#### TASK BRIEF
Omit the images. Reproduce each line of the records exactly as it appears.

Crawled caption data
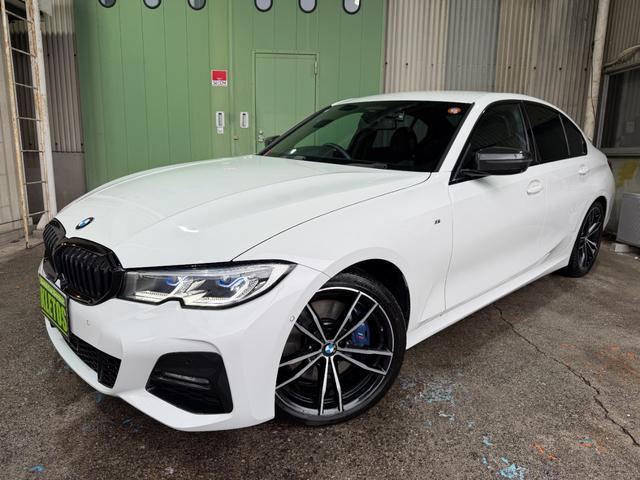 3シリーズ 330i Mスポーツ 6か月走行距離無制限保証付 ワンオーナー イノベーションPKG コンフォートPKG 純正OP19インチAW Mパフォーマンスカーボンドアミラーカバー&カーボントランクスポイラー ブラックキドニーグリル(2枚目)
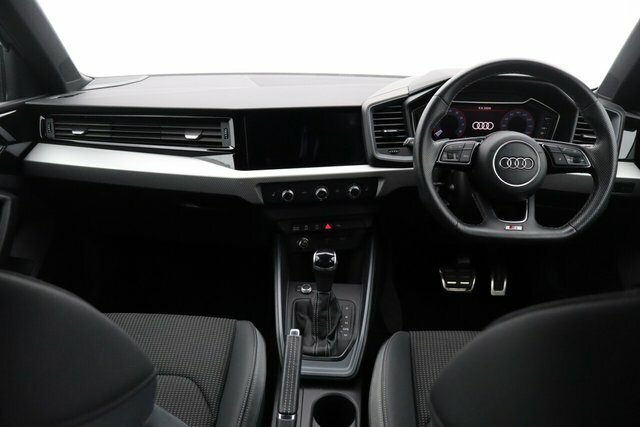 Audi A1 Tfsi 30 Black Edition YP22XGE Grey #2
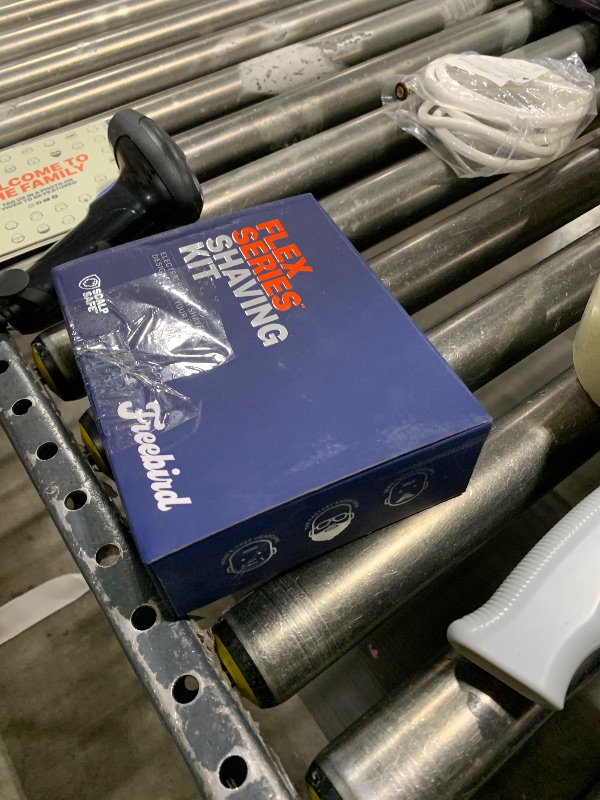 Photo 1 of mens shaving kit 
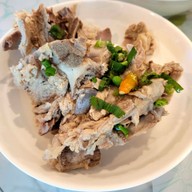 เมนูของร้าน 🌶️ เม้งเล้งแซ่บ ตำนานเล้งโคตรแซ่บ 🔥 ก๋วยเตี๋ยวหมูต้มยำ เย็นตาโฟ เกี๊ยวอวบ เส้นหมี่ผัดผักบุ้งฝอย เส้นหมี่ผัดกะเพราหมูตุ๋น กะเพราหมูตุ๋น ข้าวกะเพราหมูตุ๋น ซุปเกี๊ยวกุ้งเด้ง ซุปเกี๊ยวหมูนุ่ม อ่อนกรุบแซ่บ เล้งSuperแซ่บ เล้งซุปเปอร์แซ่บ ซุปตำลึง เม้งเล้งแซ่บ ⭐️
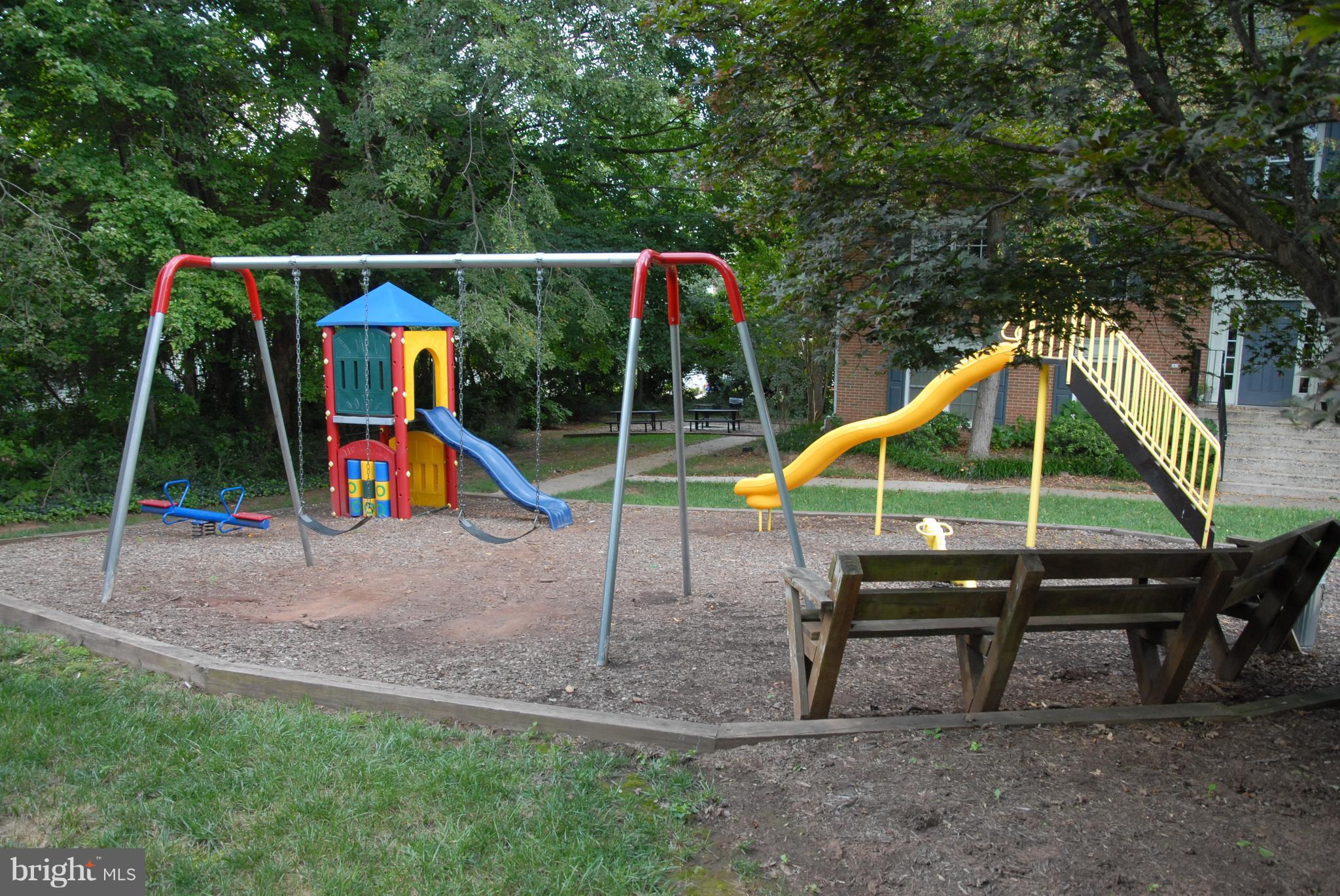 HUNTER'S SQUARE - Residential Lease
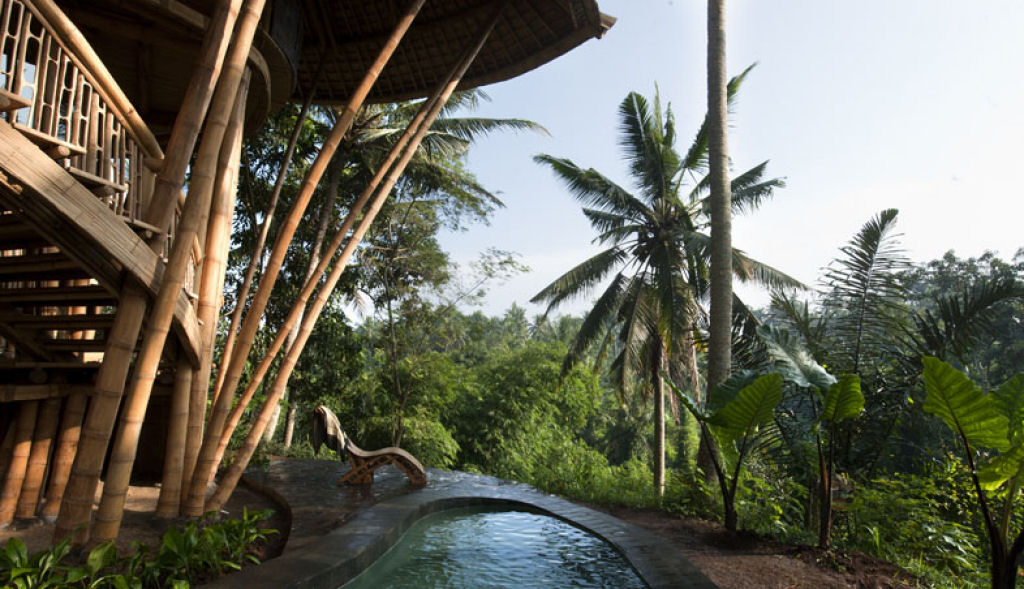Incrvel hotel feito integralmente de bambu em Bali 04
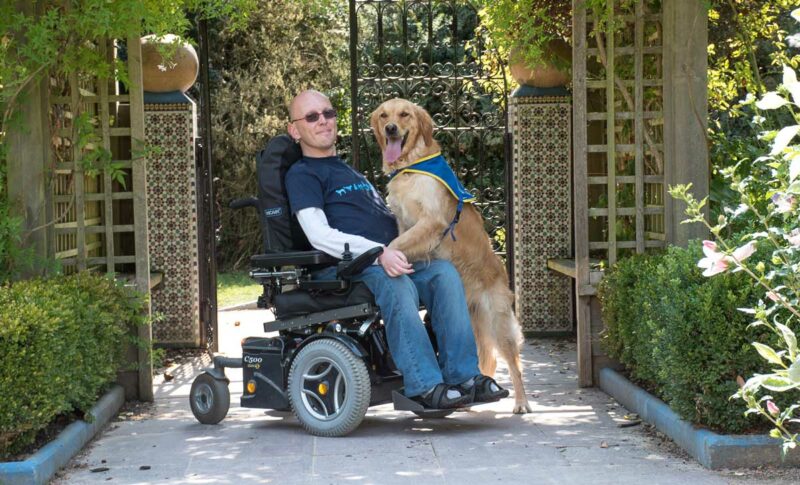 Amaury Daugan, installé à la Chapelle-des-Fougeretz (35), a reçu son premier chien d’assistance en 2003. Il y a deux mois, l’association lui a confié Jingle, son nouveau compagnon de route vers l’autonomie. « Dans mon environnement citadin, il a fallu rapidement lui faire comprendre le trafic routier, la traversée des rues… »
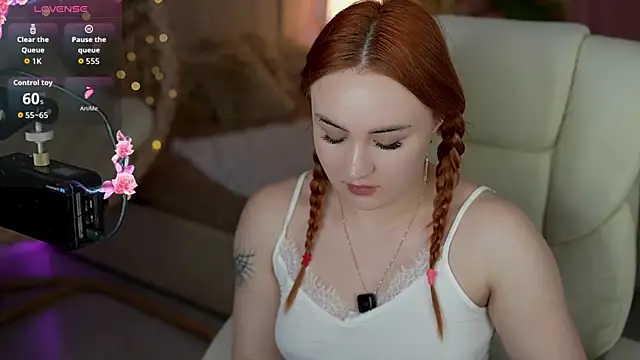 LovelyBell online show from May 18, 2026, 6:07 am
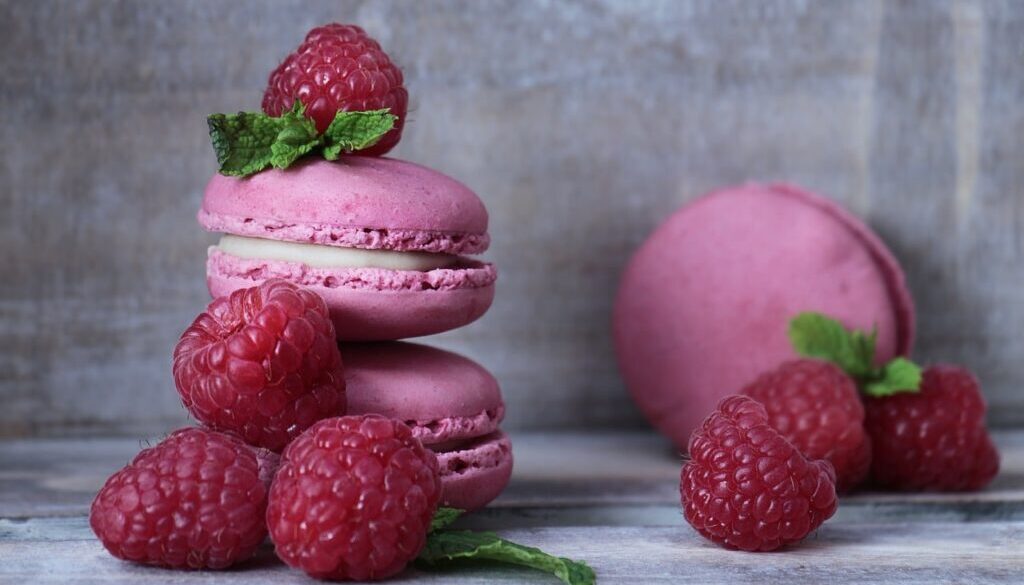 macarons, raspberries, pastries-2548827.jpg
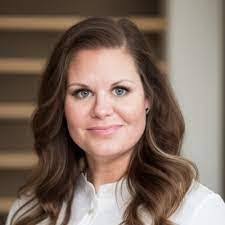 Leah Chriss's Instagram, Twitter & Facebook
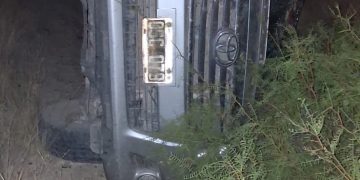 CHOELE CHOEL: Durante la noche del miercoles 28  de enero, pasadas las 21 horas, personal policial de la comisaría 8va intervino ante un vuelco vehicular ocurrido en calle Camino a la Estación, en dirección al sector conocido como el basurero.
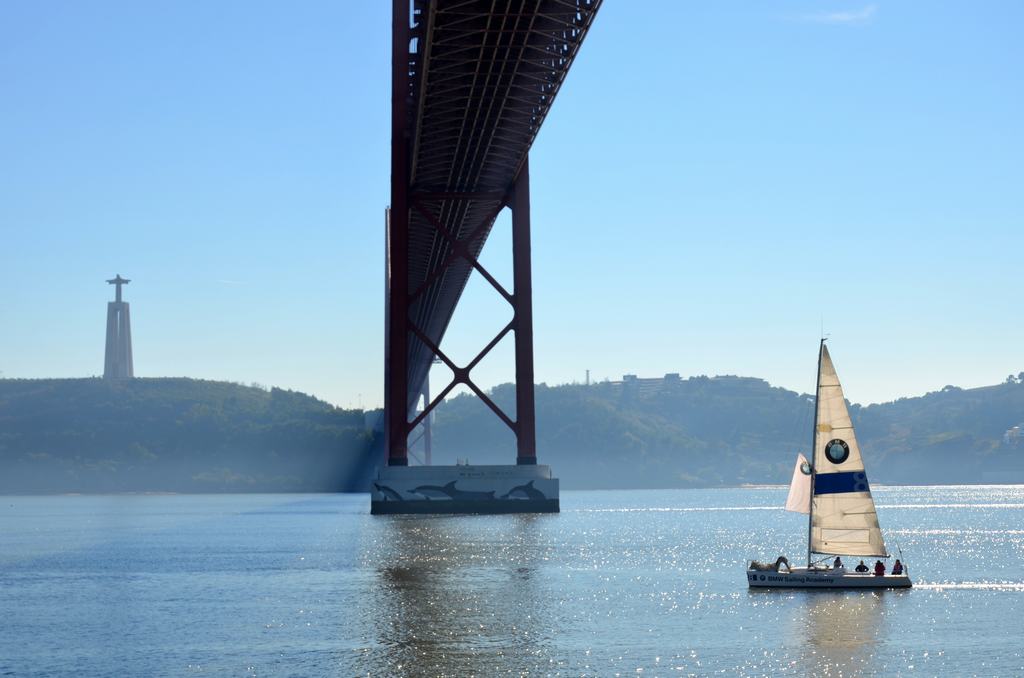 un barco en el Tajo
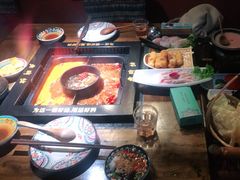 -老牌坊云南鱼豆花火锅(哈西万达店)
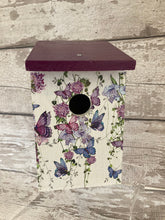 Load image into Gallery viewer, Butterfly bird box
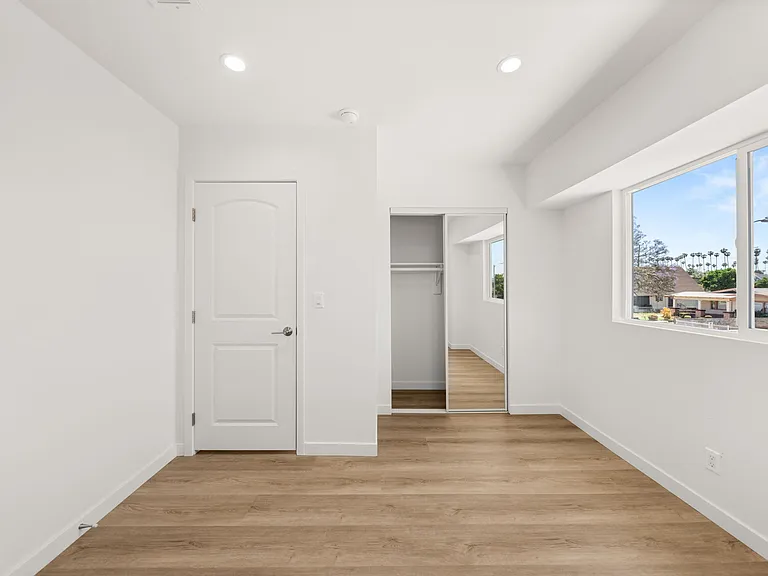 4700 S Gramercy Pl #4702 — Photo 8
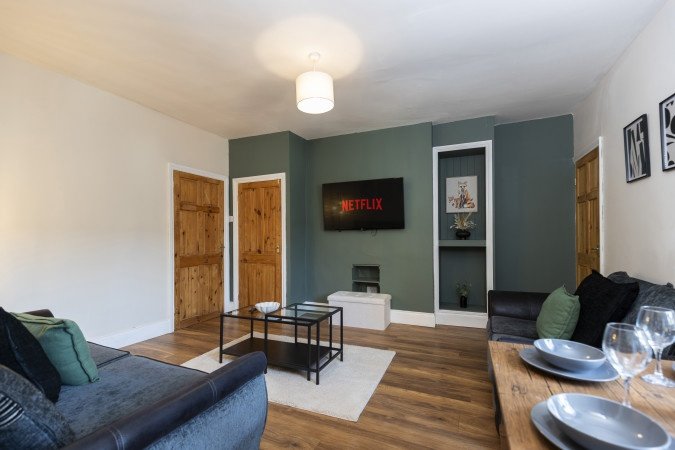 Accommodation in Gateshead | Short Let Apartments Newcastle Book-accommodation-in-Gateshead-near-Newcastle.-Ideal-for-short-let-apartments,-contractor-stays,-&-self-catering-with-great-transport-links.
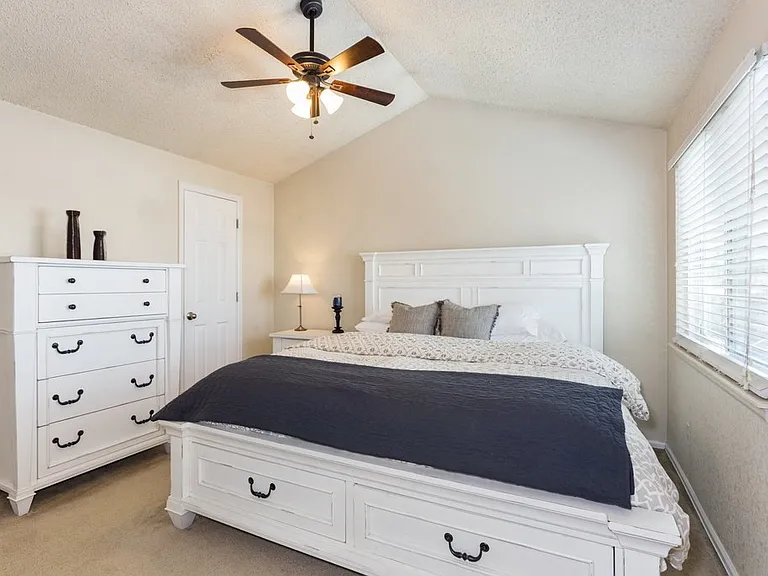 4955 S Flanders Ct — Photo 14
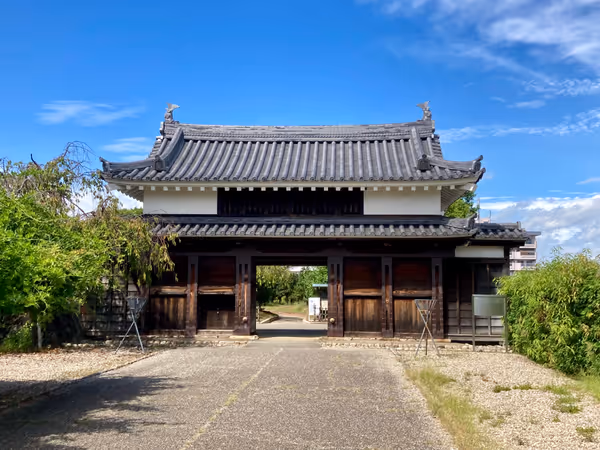Photo of Nishio Station | Nishio City History Park, Brass Stone Gate Area | Rest Spot 1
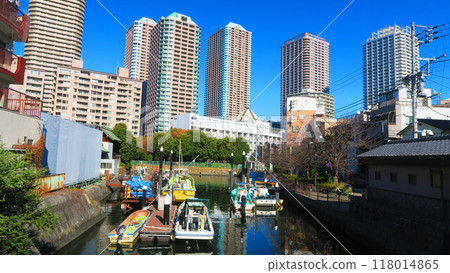 View of the Tsukuda area in Chuo Ward, Tokyo and buildings (River City 21, etc.) View of the Tsukuda area in Chuo Ward, Tokyo and buildings (River City 21, etc.) 118014865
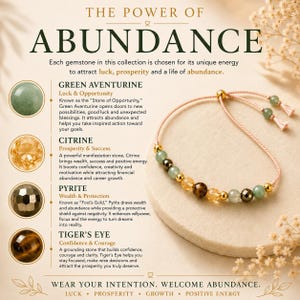 Puede incluir: Una pulsera de cuentas con un cord&oacute;n rosa claro, que presenta piedras preciosas de aventurina verde, citrino, pirita y ojo de tigre. La imagen incluye texto titulado THE POWER OF ABUNDANCE, que enumera las propiedades de cada piedra: Aventurina verde, Citrino, Pirita y Ojo de tigre. La pulsera tiene extremos de cord&oacute;n ajustables con peque&ntilde;as cuentas.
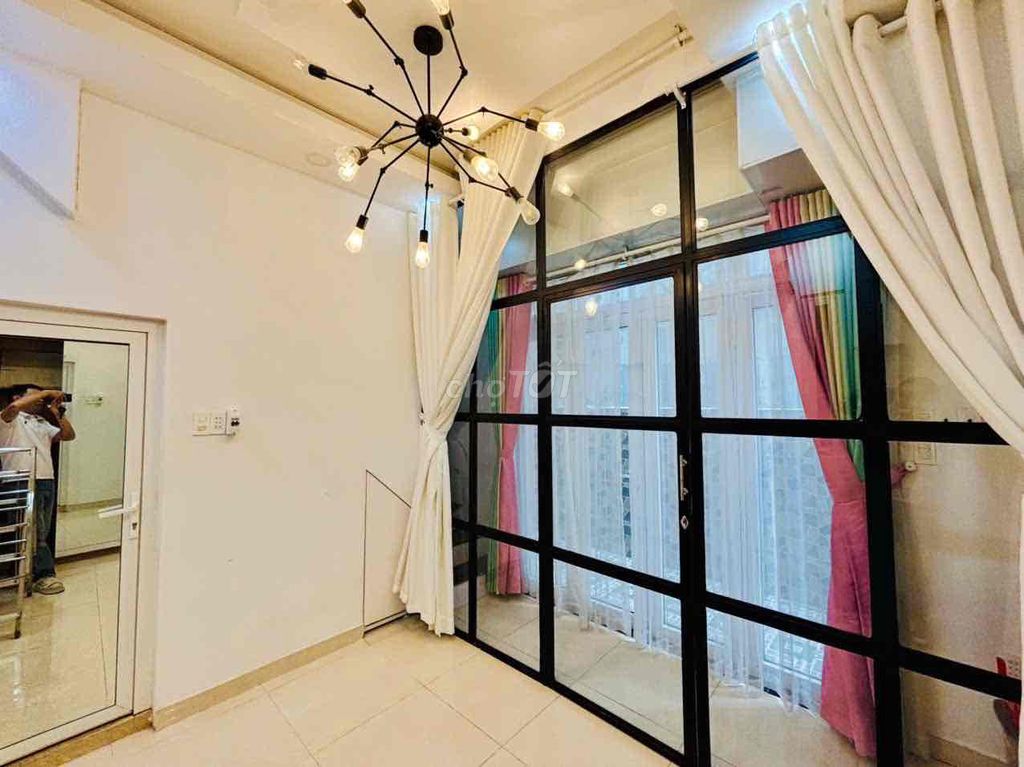 The Bàn CờBàn Cờ Road Rent.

#### RESULT FOR THIS TASK
 3シリーズ 330i Mスポーツ 6か月走行距離無制限保証付 ワンオーナー イノベーションPKG コンフォートPKG 純正OP19インチAW Mパフォーマンスカーボンドアミラーカバー&カーボントランクスポイラー ブラックキドニーグリル(2枚目)
 Audi A1 Tfsi 30 Black Edition YP22XGE Grey #2
 Photo 1 of mens shaving kit 
 เมนูของร้าน 🌶️ เม้งเล้งแซ่บ ตำนานเล้งโคตรแซ่บ 🔥 ก๋วยเตี๋ยวหมูต้มยำ เย็นตาโฟ เกี๊ยวอวบ เส้นหมี่ผัดผักบุ้งฝอย เส้นหมี่ผัดกะเพราหมูตุ๋น กะเพราหมูตุ๋น ข้าวกะเพราหมูตุ๋น ซุปเกี๊ยวกุ้งเด้ง ซุปเกี๊ยวหมูนุ่ม อ่อนกรุบแซ่บ เล้งSuperแซ่บ เล้งซุปเปอร์แซ่บ ซุปตำลึง เม้งเล้งแซ่บ ⭐️
 HUNTER'S SQUARE - Residential Lease
Incrvel hotel feito integralmente de bambu em Bali 04
 Amaury Daugan, installé à la Chapelle-des-Fougeretz (35), a reçu son premier chien d’assistance en 2003. Il y a deux mois, l’association lui a confié Jingle, son nouveau compagnon de route vers l’autonomie. « Dans mon environnement citadin, il a fallu rapidement lui faire comprendre le trafic routier, la traversée des rues… »
 LovelyBell online show from May 18, 2026, 6:07 am
 macarons, raspberries, pastries-2548827.jpg
 Leah Chriss's Instagram, Twitter & Facebook
 CHOELE CHOEL: Durante la noche del miercoles 28  de enero, pasadas las 21 horas, personal policial de la comisaría 8va intervino ante un vuelco vehicular ocurrido en calle Camino a la Estación, en dirección al sector conocido como el basurero.
 un barco en el Tajo
 -老牌坊云南鱼豆花火锅(哈西万达店)
 Load image into Gallery viewer, Butterfly bird box
 4700 S Gramercy Pl #4702 — Photo 8
 Accommodation in Gateshead | Short Let Apartments Newcastle Book-accommodation-in-Gateshead-near-Newcastle.-Ideal-for-short-let-apartments,-contractor-stays,-&-self-catering-with-great-transport-links.
 4955 S Flanders Ct — Photo 14
Photo of Nishio Station | Nishio City History Park, Brass Stone Gate Area | Rest Spot 1
 View of the Tsukuda area in Chuo Ward, Tokyo and buildings (River City 21, etc.) View of the Tsukuda area in Chuo Ward, Tokyo and buildings (River City 21, etc.) 118014865
 Puede incluir: Una pulsera de cuentas con un cord&oacute;n rosa claro, que presenta piedras preciosas de aventurina verde, citrino, pirita y ojo de tigre. La imagen incluye texto titulado THE POWER OF ABUNDANCE, que enumera las propiedades de cada piedra: Aventurina verde, Citrino, Pirita y Ojo de tigre. La pulsera tiene extremos de cord&oacute;n ajustables con peque&ntilde;as cuentas.
 The Bàn CờBàn Cờ Road Rent.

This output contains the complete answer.